Squeak primitives

Bryce Kampjes bryce at kampjes.demon.co.uk
Thu Aug 11 20:04:40 UTC 2005


Blake writes:
 > I was having two difficulties with it:
 > 
 > 1. Isn't Smalltalk basically competitive with C#? Yeah, it's slower, but  
 > not as much slower as, say, VB has been over the years. And it's not  
 > nearly as slow as Python or Ruby, which are currently far more popular.
 > 
 > 2. Doesn't Smalltalk have primitive strings, ints, bools, etc?

I doubt that primitive types provide much in the way of speed
improvements. Worst case, having SmallInteger objects costs four extra
instructions per operation (5 on the x86) but that can be reduced to
one extra instruction in many cases. C programs often only execute one
instruction per clock on modern 3 issue machines, there is room for a
little slack so long as it doesn't stall the pipelines.

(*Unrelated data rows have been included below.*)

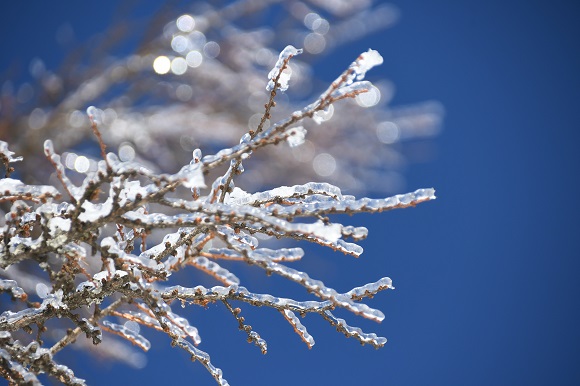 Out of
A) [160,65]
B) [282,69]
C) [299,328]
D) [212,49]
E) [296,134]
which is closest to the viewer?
[296,134]

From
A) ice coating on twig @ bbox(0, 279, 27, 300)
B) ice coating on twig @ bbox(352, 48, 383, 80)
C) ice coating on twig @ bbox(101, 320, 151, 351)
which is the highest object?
ice coating on twig @ bbox(352, 48, 383, 80)

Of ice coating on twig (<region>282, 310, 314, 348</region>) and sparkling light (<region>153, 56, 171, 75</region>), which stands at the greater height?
sparkling light (<region>153, 56, 171, 75</region>)

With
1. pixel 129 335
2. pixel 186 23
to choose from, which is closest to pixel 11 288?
pixel 129 335

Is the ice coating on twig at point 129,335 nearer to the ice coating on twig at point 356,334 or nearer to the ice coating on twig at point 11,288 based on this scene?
the ice coating on twig at point 11,288

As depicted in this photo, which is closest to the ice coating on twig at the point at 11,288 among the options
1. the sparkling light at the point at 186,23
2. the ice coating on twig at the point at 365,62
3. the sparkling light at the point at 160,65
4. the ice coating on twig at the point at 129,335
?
the ice coating on twig at the point at 129,335

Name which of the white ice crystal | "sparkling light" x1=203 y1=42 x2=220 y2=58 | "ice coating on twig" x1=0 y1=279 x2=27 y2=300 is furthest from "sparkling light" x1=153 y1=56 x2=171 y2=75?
the white ice crystal

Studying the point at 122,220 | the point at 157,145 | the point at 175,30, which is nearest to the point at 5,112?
the point at 157,145

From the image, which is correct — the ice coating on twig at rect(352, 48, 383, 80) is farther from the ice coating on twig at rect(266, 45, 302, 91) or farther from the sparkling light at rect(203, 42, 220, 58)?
the sparkling light at rect(203, 42, 220, 58)

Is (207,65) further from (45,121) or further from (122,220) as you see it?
(122,220)

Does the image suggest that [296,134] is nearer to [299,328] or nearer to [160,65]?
[299,328] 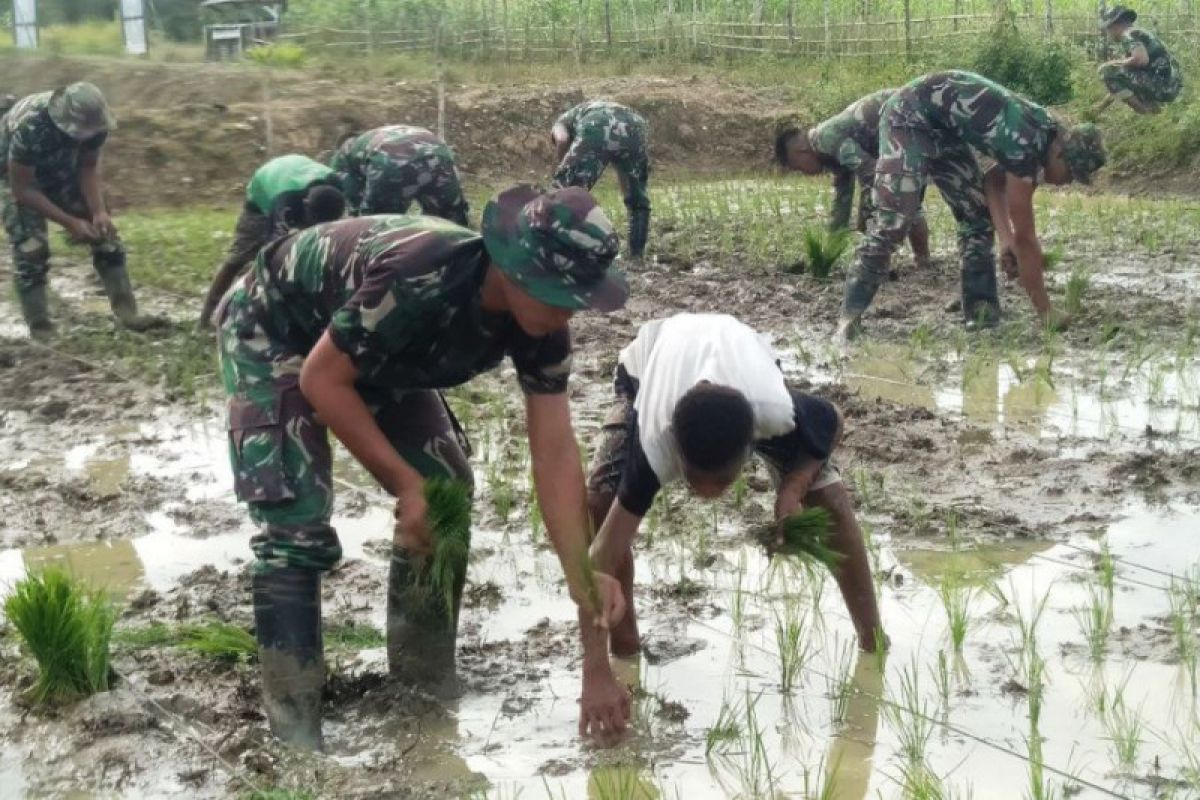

The hardest part to optimise is the last overflow check but then a
safe language may want to keep that even with primitive types. The
type overhead is easy to remove with the appropriate intermediate
representation. Exupery could easily remove tagging between integer
operations in the same expression. With SSA it would be easy to remove
tagging across expressions. Much more compilation machinery is
required to remove array bounds checks. Do Java and C# allow unsafe
array accesses for speed?

Bryce

P.S. The tag checking numbers above assume that the integer tag is 0
not 1. As this is arguing about design, that seems fair.